Ada pun faktor penyebab dari disleksia adalah:
1. Faktor keturunan
Disleksia cenderung terdapat pada keluarga yang mempunyai anggota kidal. Namun, orang tua yang disleksia tidak secara otomatis menurunkan gangguan ini pada anak-anaknya, atau anak
2. Problem pendengaran sejak usia dini
Jika kesulitan pendengaran terjadi sejak dini dan tidak terdeteksi, maka otak yang sedang berkembang akan sulit menghubungkan bunyi datau suara yang didengarnya dengan huruf atau kata yang dilihatnya. Padahal, perkembangan kemampuan mendengar sangat penting bagi perkembangan kemampuan bahasa yang akhirnya dapat menyebabkan kesulitan jangka panjang. Konsultasi dan penganganan dari dokter ahli amat diperlukan.
3.Faktor kombinasi.
Yakni kombinasi dari dua hal diatas. Faktor kombinasi ini menyebabkan anak yang disleksia menjadi kian serius atau parah, hingga perlu penanganan menyeluruh dan kontinyu.
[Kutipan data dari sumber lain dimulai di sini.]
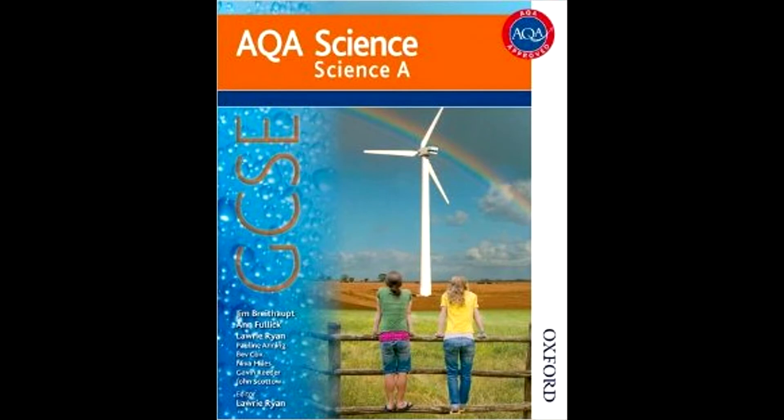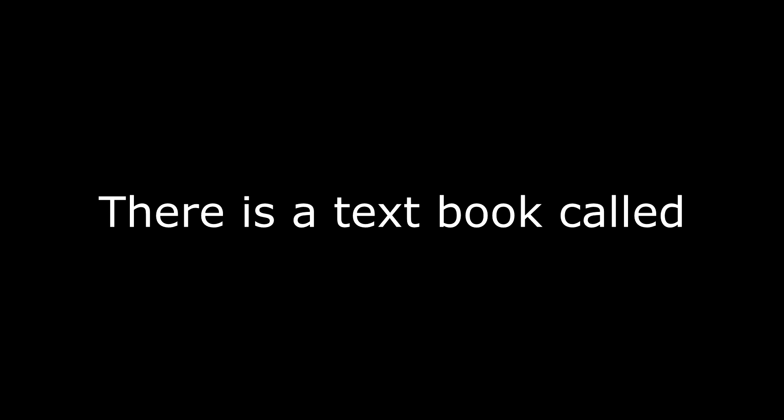In the AQA Core Science book, there is a section called AQA Core Biology. Chapter 2 of AQA Core Biology is called Variation in Reproduction. There is a textbook called AQA Additional Science, in which there is a section called AQA Additional Physics Chapter 6.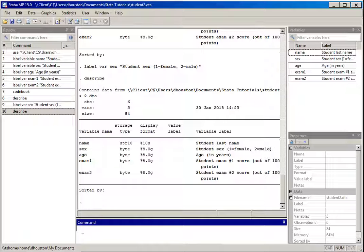If we have a variable with a large number of possible values or categories, putting them all into the variable label would not be very practical. Instead, what we'll do is assign value labels for each value — one and two in this case.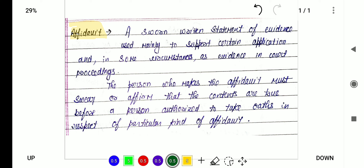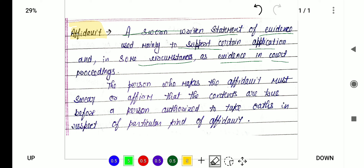An affidavit is a sworn written statement of the evidence, used mainly to support a certain application and in some circumstances as evidence in the court. Affidavit basically means it's a supporting statement which is being attached with any application or any other document.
Pada dasarnya ada berbagai variasi tipe disleksia. Penemuan para ahli memperlihatkan bahwa perbedaan variasi itu begitu nyata, hingga tidak ada pola baku atau kriteria yang betul-betul cocok semuanya terhadap ciri-ciri seorang anak disleksia. Misalnya, ada anak disleksia yang bermasalah dengan kemampuan mengingat jangka pendeknya, sebaliknya ada pula yang ingatannya baik sekali. Lalu ada yang kemampuan matematisnya baik, tapi ada pula yang parah. Sehingga, diperlukan bantuan ahli (psikolog) untuk menemukan pemecahan yang tepat.
1.2.Disgrafia
Kelainan saraf ini menghambat kemampuan menulis yang meliputi hambatan fisik, seperti tidak dapat memegang pensil dengan mantap atau pun tulisan tangannya buruk. Anak dengan gangguan disgrafia sebetulnya mengalami kesulitan dalam mengharmonisasikan ingatan dengan penguasaan gerak ototnya secara otomatis saat menulis huruf dan angka.
Kesulitan ini sangat menghambat dalam proses belajar, terutama anak yang Akibatnya mereka mengalami frustrasi karena sebenarnya mereka ingin mengespresikan pikiran dan pengetahuan yang didapatnya dalam bentuk tulisan, tapi mereka mengalami hambatan.
Untuk itu orang tua sebaiknya memahami bahwa disgrafia bukan disebabkan karena tingkat inteligensi yang rendah, kemalasan atau tidak mau belajar. Juga bukan akibat dari kurangnya perhatian orang tua dan guru terhadap anak, atau akibat dari keterlambatan proses visual motoriknya.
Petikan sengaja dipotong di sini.